Guys love legs. Women, if you can grow more legs that would be a major turn on
Relationship status: my last pickpocket had really gentle hands.
Just saw a guy using a payphone. I can only assume he’s being told where to deliver the ransom money.
her: i’m a night owl
me: i’m an early bird
my worm: oh no!
excuse me, waitress?
“I’m not a waitress”
Oh, what are you then
“Well, I’m a..*turns to other burger king employee* what the hell are we?”
My family crest is just a picture of my grandfather dressed up as a giant hotdog being dragged into a cave by a bear.
Studies show people lose interest in a tweet right about now
Guys, please help. My son accidentally started a sentence without saying “mom” first, and then he kind of short circuited…? What do I do?
This woodpecker needs to switch to decaf.
Gonna celebrate this weekend by flinging hundreds of frisbees onto my neighbors roofs
[Who Wants To Be A Millionaire]
ME: I’d like to phone a friend.
HOST: (after 14 different attempts with no answer) The shows only an hour long.

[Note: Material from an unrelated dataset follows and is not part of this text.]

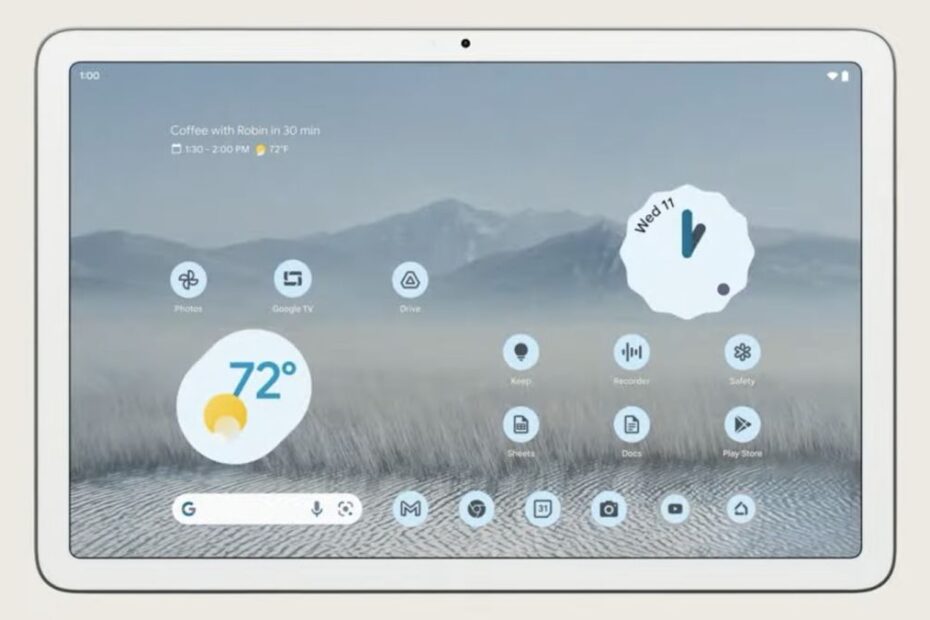 The front of the Google Pixel Tablet showing the home screen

FedEx said they needed an adult signature to me, the 26 yo wearing this nice sophisticated outfit 😔
Dear Abby,
How long should you feel obligated to date someone after they’ve given you the Heimlich?
I love making pasta when I have a ton of dirty dishes in the sink. just dump that hot water in there when you’re done, and bam! you’ve got dinner and a set of totally clean dishes!
‘I have a ripe avocado at home’ is my favorite excuse for cancelling plans
me: the heart wants what the heart wants
heart: please stop drin-
me: whiskey it is
oh yeah that shit is [spends 10 minutes looking for the fire emoji]
cat guru: ask yourself – what is the sound of a hairless cat coughing up a hairball
MOM: [walks into daughter’s room, sees protest signs, history books, list of senators’ phone numbers on bed] Are you… politically active?